§ Work instructions:
Exact copy, pictures excluded: set down only the lines from the one with "image for item" through the end of the entries, keeping both end lines.

§ Information shown:
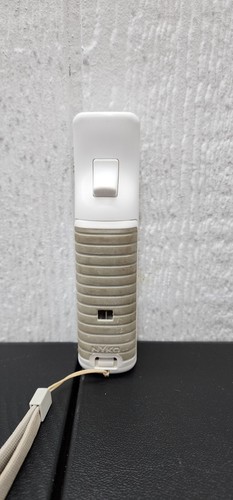 Nintendo Wii Remote (Not Original Battery Cover) - Picture 2 of 3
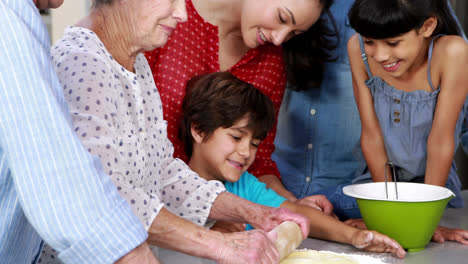 Multi-generation-family-baking-together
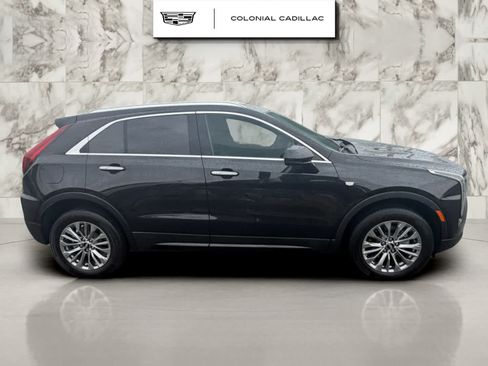 Used 2025 Cadillac XT4 Premium Luxury AWD/4WD image 6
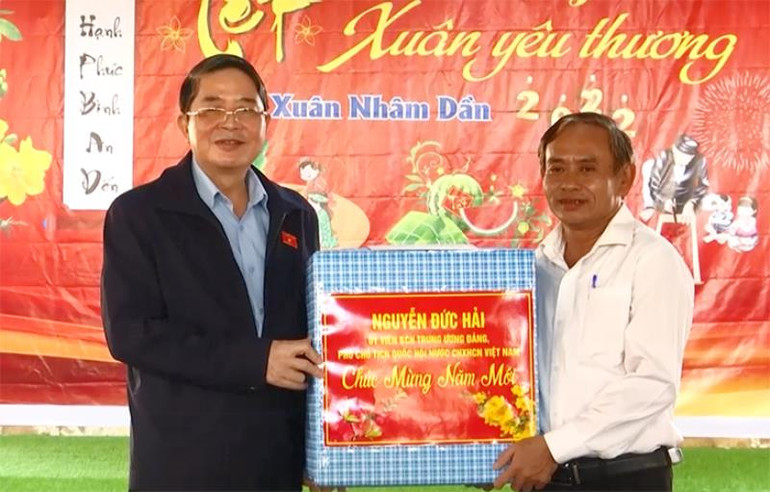 Phó Chủ tịch Quốc hội Nguyễn Đức Hải thăm, tặng quà tại Quảng Nam -0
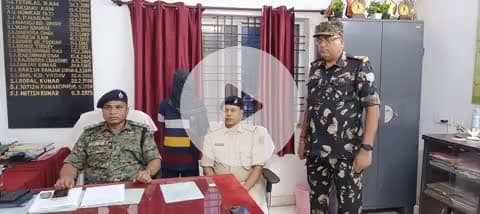 गुआ मे वन देवी की परितिमा का छाती पहिचाने वाला गिरफ्तार कर लिया गया है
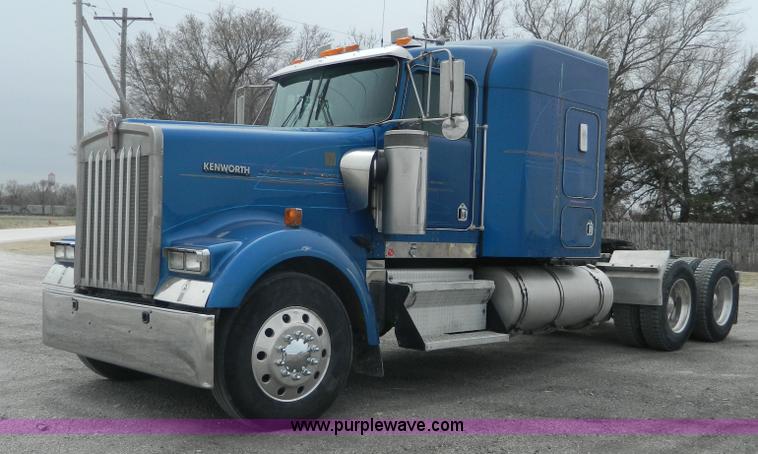 image for item K8014 2000 Kenworth W900L semi truck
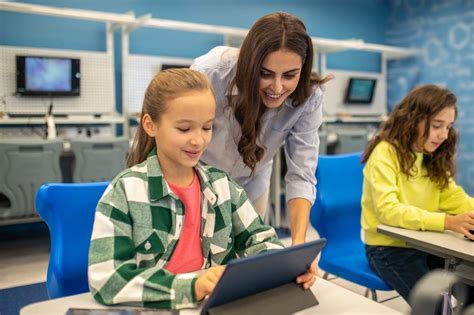 Učiteľka používajúca digitálne materiály pre výučbu
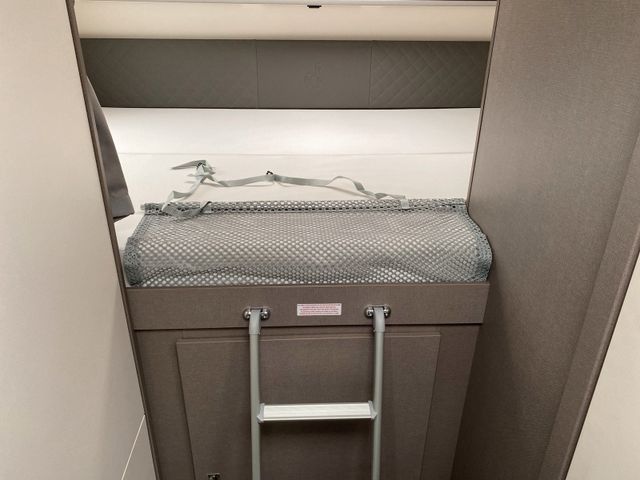 Etrusco A7300 DB Chassis Design Alu Rahmenfenster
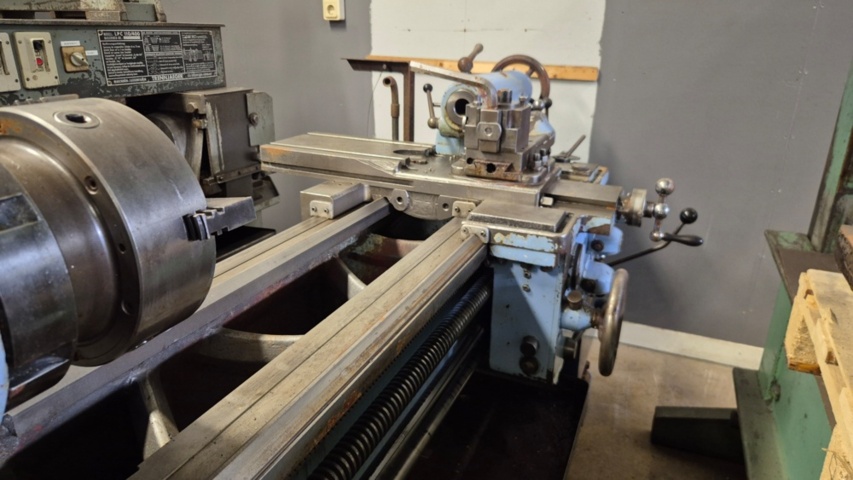 1409142-10 Svarv Köping S8C med tillbehör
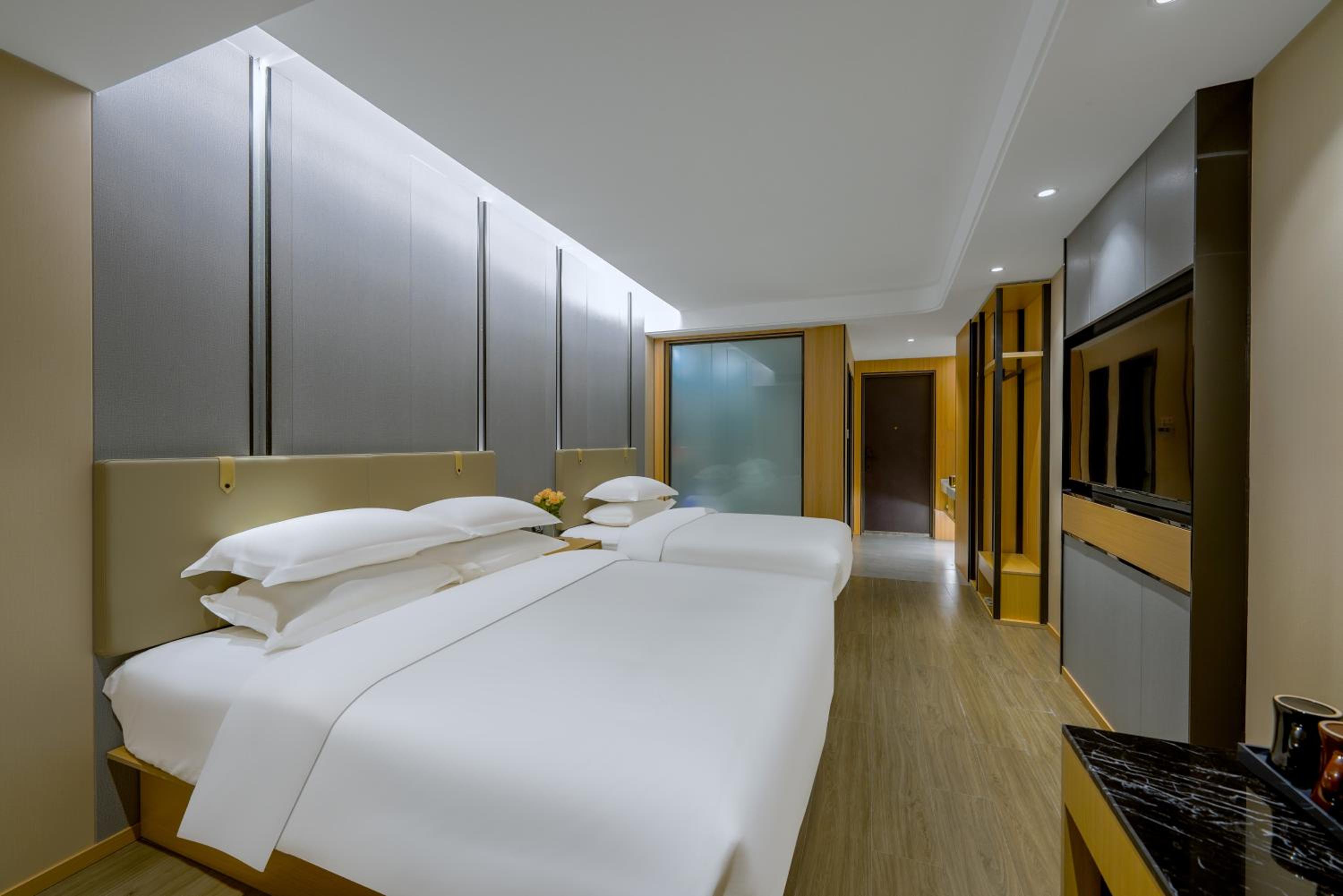 Deluxe Twin Room photo 3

§ Expected answer:
 image for item K8014 2000 Kenworth W900L semi truck
 Učiteľka používajúca digitálne materiály pre výučbu
 Etrusco A7300 DB Chassis Design Alu Rahmenfenster
 1409142-10 Svarv Köping S8C med tillbehör
 Deluxe Twin Room photo 3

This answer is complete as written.